Contrats publics
le 14/03/2024

Résiliation par le juge d’un contrat public : quelle indemnisation pour le titulaire évincé ?

CE, 2 février 2024, SOGECCIR, n° 471318

Par sa décision Société Cegelec Perpignan du 6 octobre 2017 (n° 395268), le Conseil d’Etat avait défini les contours du droit à indemnisation du titulaire d’un contrat public dont l’annulation est prononcée par le Juge. Ce droit à indemnisation inclut :

  • le remboursement, sur le terrain quasi-contractuel, de celles de ses dépenses qui ont été utiles à la collectivité envers laquelle il s’était engagé (sauf dans l’hypothèse où le consentement de la collectivité a été vicié) ;
  • la réparation, sur le terrain quasi-délictuel, du dommage imputable à l’éventuelle faute de l’administration, sous réserve du partage de responsabilités découlant le cas échéant des propres fautes de l’entreprise.

Ce dommage peut inclure le bénéfice manqué, sous réserve que le préjudice allégué présente un caractère certain et s’il existe un lien de causalité direct entre la faute de l’administration et le préjudice. Par la suite, il a été confirmé que ce droit à indemnisation du titulaire évincé se définissait selon les mêmes modalités en cas de résiliation (et non d’annulation) du contrat, que ce soit par l’effet d’une décision juridictionnelle (CE, 27 février 2019, Société Opilo, req. n° 410537) ou par l’effet d’une décision unilatérale de l’acheteur (CE, 10 juillet 2020, Société Comptoir Négoce Equipement, req. n° 430864).

Par cette nouvelle décision du 2 février 2024, le Conseil d’Etat vient compléter cette jurisprudence, en apportant une réponse à la question suivante : en cas de résiliation du contrat par le Juge en raison d’une irrégularité de la procédure de passation, le titulaire évincé a-t-il droit à l’indemnisation de son manque à gagner ? Comme il l’avait déjà fait avec sa décision Société Cegelec Perpignan dans l’hypothèse d’une annulation du contrat, le Conseil d’Etat répond que tel n’est pas le cas lorsque les manquements aux règles de passation commis par le pouvoir adjudicateur ont eu une incidence déterminante sur l’attribution du contrat.

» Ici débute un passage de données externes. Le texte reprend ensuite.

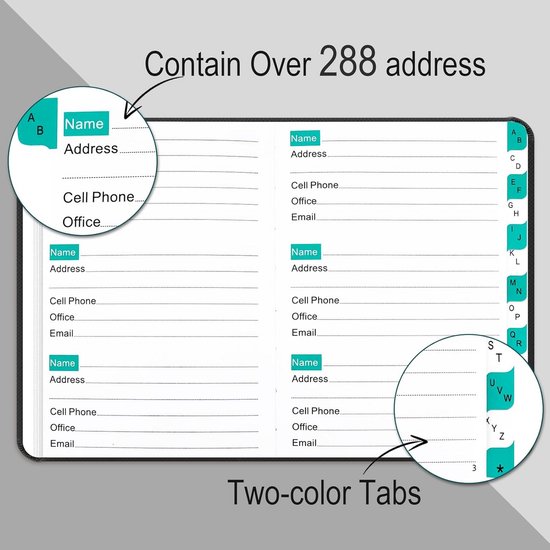 Klein Adresboek Zakformaat met Alfabetische Index Tabs, Telefoonboek Hardcover in Zwart van klein — afbeelding 3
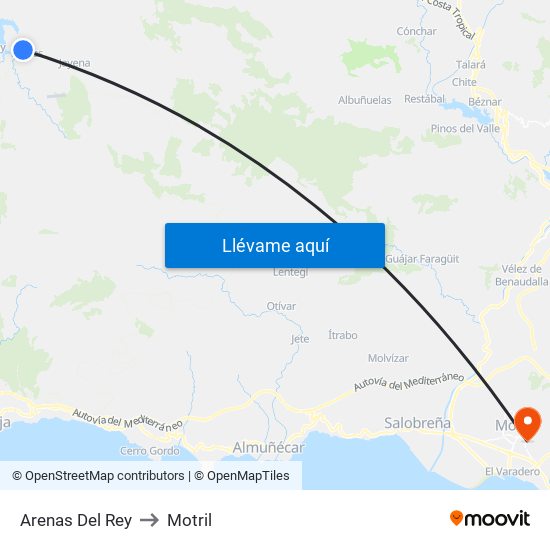 Arenas Del Rey to Motril map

Comme l’a souligné le Rapporteur public Marc Pichon de Verneuil dans ses conclusions sous cette nouvelle décision, il s’agit là d’éviter les effets d’aubaine : ce n’est que si le titulaire évincé détenait un droit à la poursuite du contrat indépendamment des irrégularités ayant causé son annulation ou sa résiliation que celles-ci affecteraient ce droit et le priveraient donc d’un manque à gagner.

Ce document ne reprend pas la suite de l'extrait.